=== Data extracts ===

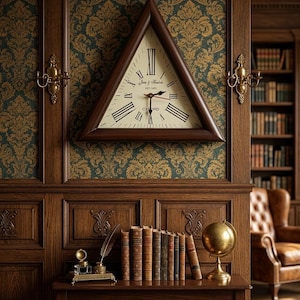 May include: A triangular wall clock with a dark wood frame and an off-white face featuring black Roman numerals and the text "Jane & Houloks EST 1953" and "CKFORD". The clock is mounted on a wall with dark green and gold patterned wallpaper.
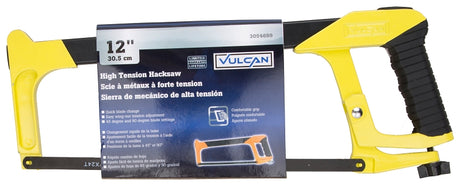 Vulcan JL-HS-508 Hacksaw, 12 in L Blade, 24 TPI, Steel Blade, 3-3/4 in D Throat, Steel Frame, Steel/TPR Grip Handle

===
=== Data extracts ===

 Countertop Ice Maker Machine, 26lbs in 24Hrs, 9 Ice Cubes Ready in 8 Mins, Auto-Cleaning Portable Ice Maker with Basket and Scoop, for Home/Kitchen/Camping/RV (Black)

===
=== Data extracts ===

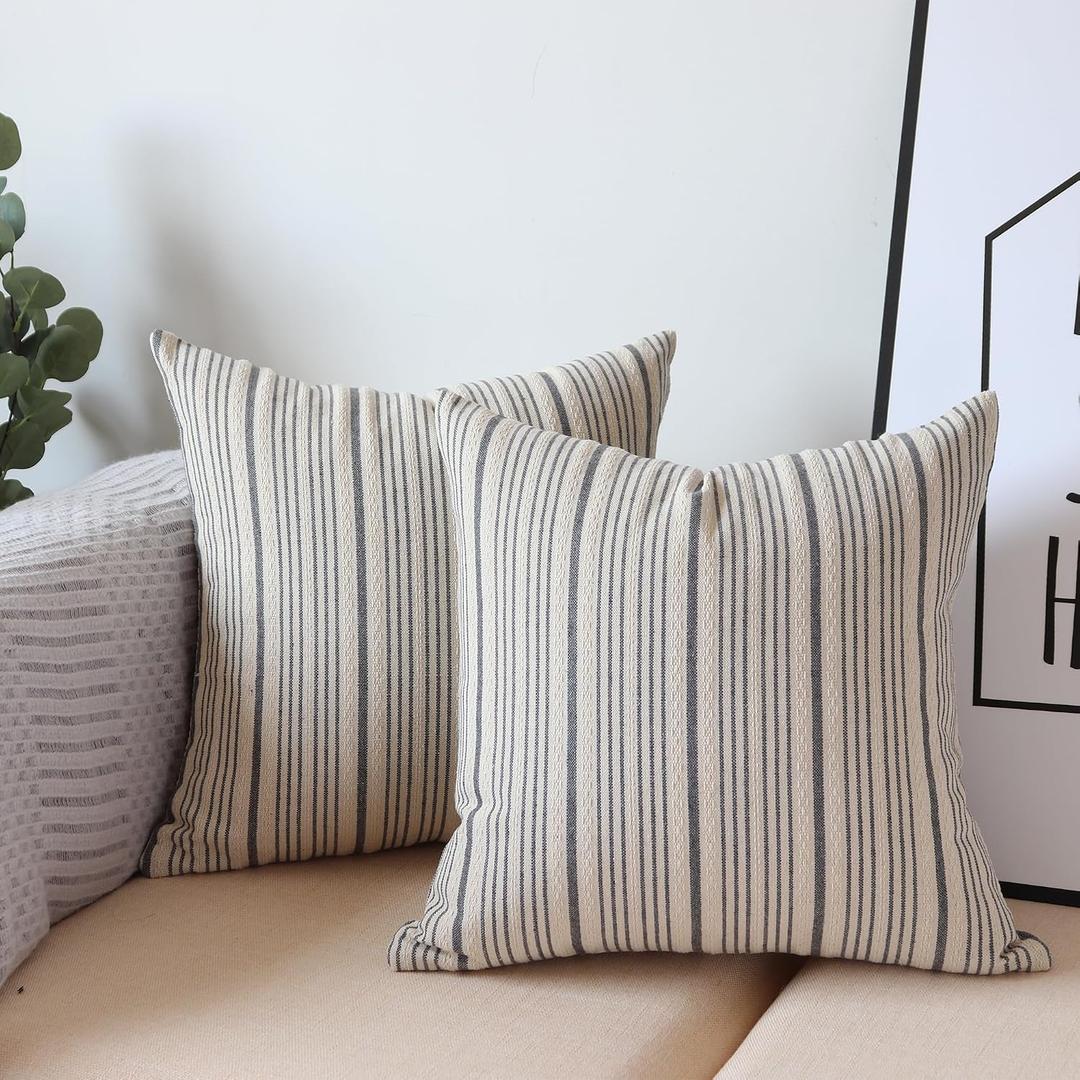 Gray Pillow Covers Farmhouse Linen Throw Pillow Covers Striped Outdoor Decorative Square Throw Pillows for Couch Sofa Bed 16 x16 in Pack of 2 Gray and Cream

===

» **What is expected**
In the listing above, find the line containing "May include: A" and the line containing "Vulcan JL-HS-508 Hacksaw, 12", then write out both of them and every line between, exactly, with no pictures.

» **Finished task**
 May include: A triangular wall clock with a dark wood frame and an off-white face featuring black Roman numerals and the text "Jane & Houloks EST 1953" and "CKFORD". The clock is mounted on a wall with dark green and gold patterned wallpaper.
 Vulcan JL-HS-508 Hacksaw, 12 in L Blade, 24 TPI, Steel Blade, 3-3/4 in D Throat, Steel Frame, Steel/TPR Grip Handle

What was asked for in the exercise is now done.